草花の成長や変化を見守り、森の恵みを分けてもらう。

時には森に害を及ぼすものを、排除する。

森と共に生きる民の、ごく普通の日常で今日も何事も変わりがなく同じように過ごすはずであった。


――つい先程の、出来事が起こるまでは。


【始まりの場所】の方から、爆音を轟かせ竜巻が起こっているのが見えた。

周囲の木々を揺らし、折れそうなくらいの風の力がそこに集まっている。


生まれてこの方、そういった現象を見たことがない。

王国の管轄下で自衛し、生きるために集団で生活しているが、表立って他の町や他国との大規模な争い事は起きていなかった。


(――何事なの!?)


エレーナは、始まりの場所に向かって走り出した。

ローブ姿で片手には杖を持ち、緑色の長い髪をたなびかせ疾走する。

その竜巻の力は王宮精霊師並みの威力だが、コントロールされておらず暴走しているようにも見えた。


(一体何が起きているというの!)



現在の場所から走り、三十分程の場所。


「取り返しがつかないことになる前に止めないと……」


エレーナの走る速度が、一段と早くなった。




―――――――――



「ハル姉ちゃんはどうして、ここにいるの?」


陽菜は、薄々気づいていた。

この世界は元居た世界ではなく、全く別の世界であることを。

しかしながら、服装や体格、装飾品までそのままだった。

祖母からの指輪も嵌めたままになっている。

常識や文化が違う世界で、今までの話しで通じるかわからなかったが、陽菜はここに来るまでの経緯を説明した。


「……というわけなの。わかった?」

「う……ん、たぶん!」

(あ、うん。 わかってないな、これは……)


しかし、陽菜にとっては今までの話はどうでもよかった。

もう二度と向こうの世界には戻れないのだろう。あの爆発の中で生きていられるはずがない。

それに、今は一人ぼっちで生きて行かなくてもよくなりそうな予感がしている。

小さな生物だった、フウカが傍にいてくれるから。


「さて、これからどうしようかなー。フーちゃんは帰るところあるの?」

「もう戻れないよ。姿が変わっちゃったから、先生やみんなのところへは戻れなくなったみたい」

「えー! どうするの? これから……」

「ずーっと、ハル姉ちゃんと一緒にいるよ!」


その言葉が、少し嬉しい陽菜であったが、今の質問はそういう意味ではなかった。


(また、あの助けてくれた光の先生が来てくれないかなぁ……)


少しだけ淡い期待を持って待ってみたが、状況が改善することはなさそうだった。



「ちょっと、危ないかもしれないけど。この辺を少し歩いてみようか。最悪、ここに戻ってきて泊まるようにしよう」



水も食べ物もなく、今はまだ日中のため暖かいが、夜になるとどのくらい寒くなるのかはわからない。

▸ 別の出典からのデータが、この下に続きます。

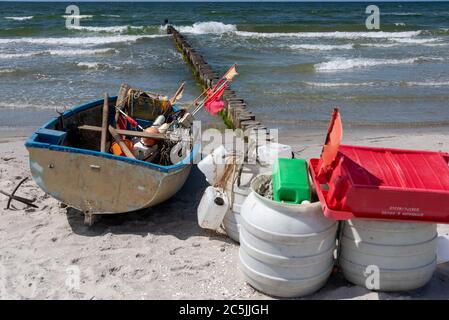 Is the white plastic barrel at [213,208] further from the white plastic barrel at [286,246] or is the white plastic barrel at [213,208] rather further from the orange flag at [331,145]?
the orange flag at [331,145]

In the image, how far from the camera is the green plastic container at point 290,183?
4332mm

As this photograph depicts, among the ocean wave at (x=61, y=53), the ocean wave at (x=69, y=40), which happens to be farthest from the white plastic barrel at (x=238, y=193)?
the ocean wave at (x=69, y=40)

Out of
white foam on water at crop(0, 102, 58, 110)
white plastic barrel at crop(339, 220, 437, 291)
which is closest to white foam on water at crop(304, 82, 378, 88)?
white foam on water at crop(0, 102, 58, 110)

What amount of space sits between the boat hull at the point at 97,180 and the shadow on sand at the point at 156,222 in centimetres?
24

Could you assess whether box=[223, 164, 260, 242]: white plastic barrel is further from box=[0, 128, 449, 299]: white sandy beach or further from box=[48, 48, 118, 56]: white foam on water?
box=[48, 48, 118, 56]: white foam on water

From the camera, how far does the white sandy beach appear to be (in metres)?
4.54

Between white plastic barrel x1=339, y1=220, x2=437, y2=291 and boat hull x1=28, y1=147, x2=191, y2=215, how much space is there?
2196mm

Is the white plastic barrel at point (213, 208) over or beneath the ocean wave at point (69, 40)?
beneath

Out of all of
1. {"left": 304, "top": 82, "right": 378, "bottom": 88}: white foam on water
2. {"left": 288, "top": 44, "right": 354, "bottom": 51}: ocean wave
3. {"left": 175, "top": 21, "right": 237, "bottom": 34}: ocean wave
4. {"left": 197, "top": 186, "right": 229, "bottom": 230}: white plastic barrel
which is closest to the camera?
{"left": 197, "top": 186, "right": 229, "bottom": 230}: white plastic barrel

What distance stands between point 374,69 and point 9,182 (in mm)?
13421

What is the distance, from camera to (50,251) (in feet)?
17.4

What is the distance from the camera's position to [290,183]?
14.4 ft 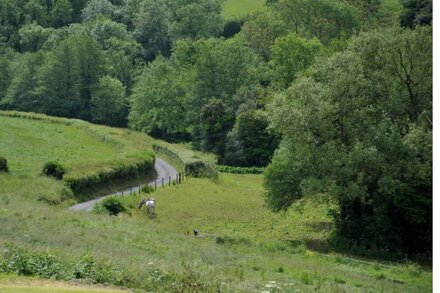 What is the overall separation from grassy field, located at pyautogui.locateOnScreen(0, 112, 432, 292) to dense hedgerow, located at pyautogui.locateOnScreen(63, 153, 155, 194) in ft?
7.16

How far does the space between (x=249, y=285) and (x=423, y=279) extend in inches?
598

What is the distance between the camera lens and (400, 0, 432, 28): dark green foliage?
92.6 metres

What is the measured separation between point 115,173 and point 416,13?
2329 inches

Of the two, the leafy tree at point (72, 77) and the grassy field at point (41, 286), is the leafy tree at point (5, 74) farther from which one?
the grassy field at point (41, 286)

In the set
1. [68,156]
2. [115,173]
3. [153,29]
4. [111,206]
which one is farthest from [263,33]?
[111,206]

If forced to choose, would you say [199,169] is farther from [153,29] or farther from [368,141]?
[153,29]

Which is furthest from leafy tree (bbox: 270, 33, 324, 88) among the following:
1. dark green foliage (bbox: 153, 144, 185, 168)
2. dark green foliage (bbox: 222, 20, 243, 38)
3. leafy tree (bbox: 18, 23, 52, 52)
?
leafy tree (bbox: 18, 23, 52, 52)

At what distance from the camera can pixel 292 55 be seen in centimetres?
9506

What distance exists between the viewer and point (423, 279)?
3438cm

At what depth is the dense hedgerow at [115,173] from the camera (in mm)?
56631

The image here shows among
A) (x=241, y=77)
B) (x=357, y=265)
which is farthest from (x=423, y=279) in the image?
(x=241, y=77)

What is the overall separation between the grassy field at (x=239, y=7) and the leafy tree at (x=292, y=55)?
7156cm

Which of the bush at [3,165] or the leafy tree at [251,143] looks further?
the leafy tree at [251,143]

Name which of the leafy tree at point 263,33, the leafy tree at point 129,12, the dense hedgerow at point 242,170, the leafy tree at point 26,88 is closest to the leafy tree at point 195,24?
the leafy tree at point 263,33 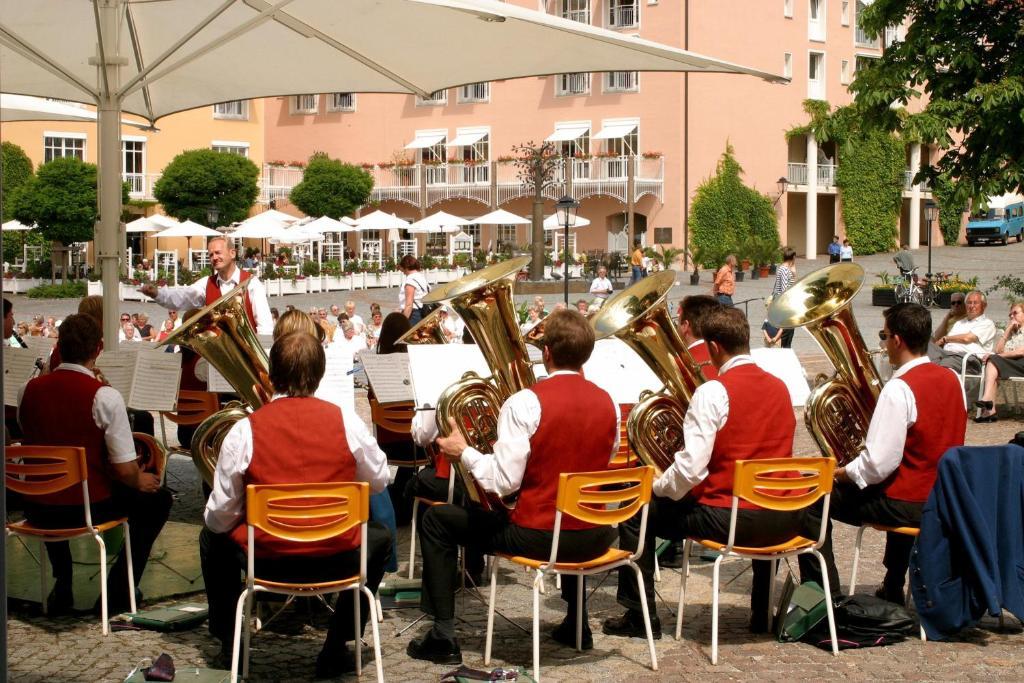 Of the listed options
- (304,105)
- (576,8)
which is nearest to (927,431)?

うかつに歩きすぎるのも危険だが、じっとしていてはもっと危険になるだろうと判断した。


(――ゲームだと普通、この近くに町がありそうなんだけどね)


と、思いつつため息をついてから行動を起こすべく立ち上がろうとしたその時。

背後から、弾丸のようなものが耳元をかすめた。


「動かないで!」


背後から、女性の声がした。



陽菜は抵抗の意思がないことを表すため、その場で両手を挙げた。

その前にフウカを胸元に隠して。

さらに、弾丸を放ったと思われる主の声が響く。


「そのまま、ゆっくりとこちらを向いて。抵抗すると命の保証は……ない」


実際、何が起きているのか判断ができなかったが、ここは本能的に相手の要求に従ったほうが良いと判断した。

両手を挙げたまま、陽菜はその身体をひねり反対の方向を向いた。


そこにはローブをまとい、先に石のついた杖を持っている少女がいた。

杖の先はこちらを向いている。


「!?……ウ……ウェンディア様??」


その少女は驚きの表情で、こちらを見ている。


(ウェンディア?? ……って誰?)


陽菜はさっと後ろを振り向く。

この人の知り合いの間に挟まれているのではないかと思って。

過去に見知らぬ人から挨拶をされ、うかつに返事をしてしまい恥ずかしい経験を何度もしてしまったことがある。

しかし、今まで正面を向いていた方向には誰もいない。

陽菜は、再度杖を持つ少女の方へ向く。


「あのー…… ちょっとお尋ねしたいんですが……」


その言葉にエレーナは、正気を取り戻し落ちかけた杖の先をこちらに向け直した。


「ここは、どこなのでしょうか?」


エレーナは、すぐには質問の内容の意味が理解できなかった。

よく見ると知っている者と類似しているが、何か様子が違うことはわかる。

しかし、ほとんどそっくりなのだった。


「あの……」


陽菜は再度、問いかけた。

相手は何か戸惑っている様子にもみえた。


「まず、こちらの問いに答えて貰おうかしら。貴方は今、なぜこの場所に?」


陽菜は、その質問に答えようとした。しかし――


「わかりました。その前に、この手を下ろしてもいいですか?手の先が痺れてきて……」


陽菜の爪の色が真っ白になっている。

胸郭出口症候群と言われたことがある。

よく電車の中では苦労したものだった。

エレーナは、少し考えて危険はないか、他に仲間がいないか見回してみた。

差し迫って、エレーナの身に危険を及ぼすものが目の前の少女以外は見当たらないと判断した。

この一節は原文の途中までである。